In abbinamento al “Corriere della Sera”, nella collezione
“I classici del pensiero libero”, è arrivato qualche
settimana fa nelle edicole (ed è stato in breve tempo esaurito,
anche grazie al modico prezzo: solo un euro) un volumetto con una selezione
delle Lettere gramsciane curata a suo tempo per Einaudi da Paolo Spriano,
arricchita da una nuova prefazione, firmata da Luciano Canfora.
La stessa casa editrice Einaudi ha riproposto di recente la scelta delle
Lettere a cura di Spriano, premettendovi una prefazione della scrittrice
sarda Michela Murgia.
Anche il giornalista Sergio Portas (nato a Guspini ma da decenni residente
a Milano, dove si è laureato in Scienze Politiche e dove ha insegnato
per 35 anni) ha voluto confrontarsi con le Lettere dal carcere del grande
conterraneo, leggendole in relazione costante a una situazione geografica
e storica ben determinata: la Lombardia del 2010. I risultati della sua
applicazione ai testi gramsciani oggi li possiamo leggere, a nostra volta,
nel suo appassionato e appassionante volume intitolato Antonio Gramsci:
coscienza internazionalistica e subconscio sardo edito da Mediatre (euro
10,00) di Guspini, che pubblica anche il quindicinale “Gazzetta
del Medio Campidano”, in cui Portas ha una pagina sulle iniziative
dei sardi emigrati in Lombardia dal titolo “Sardegna nel cuore”.
Dice Portas: “Il mio libro sul sardo Antonio Gramsci è riferito
in prima istanza ai sardi tutti e in seconda ai sardi più giovani,
magari a quelli che come lui hanno dovuto lasciare l’isola natia.

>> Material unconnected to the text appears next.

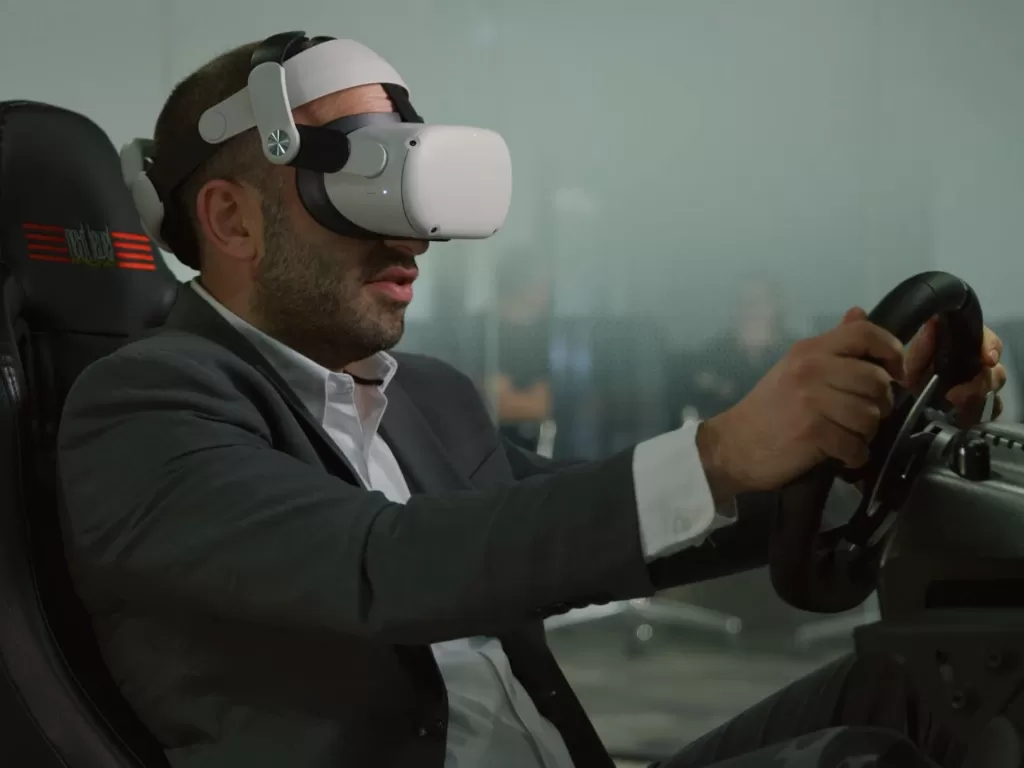 Virtual Reality untuk mengendarai mobil. (NVIDIA)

E che poco o nulla conoscono di come lui vivesse la sua sardità”.
La ricerca di Portas è certo tesa a scovare nelle Lettere gramsciane
tutti i riferimenti che esse contengono alla storia, alla cultura, alla
mentalità, ai costumi dei paesi della Sardegna e dimostra quanto
forte fosse il cordone ombelicale che legava il Grande Sardo alla terra
natale (“Gramsci emigrato sardo” ho voluto intitolare una
mia relazione su questi stessi temi, sulla base della premessa che anche
lui, soprattutto perché ne viveva lontano, aveva un pensiero permanente:
madre-Sardegna; Portas ha voluto riprodurre questo mio testo come postfazione
del suo lavoro). Ma a Portas non interessa solo dare una rassegna compilatoria
di citazioni “sarde” presenti nella corrispondenza gramsciana
(è importante anche questo regesto, peraltro). La sua passione
civile di giornalista “alla Gramsci” (non vende la sua penna
a chi gliela paga meglio; vuole rimanere liberissimo senza nascondere
le sue profonde convinzioni per far piacere a padroni e manutengoli) lo
porta ad inserire tra le righe del testo una filigrana di riflessioni
attualizzanti che ci dicono apertis verbis come lui vede la condizione
della Milano e della Lombardia sottoposte all’ “egemonia”
culturale leghista e lo stato di un Paese come l’Italia (“e
poi giù a gridare slogan razzisti e xenofobi, che tanto questo
è il mercato della politica più becera”; “l’Italia
sta sperimentando il ritorno xenofobo di correnti separatiste e particolariste:
tali che sono, paradossalmente, al governo della nazione”).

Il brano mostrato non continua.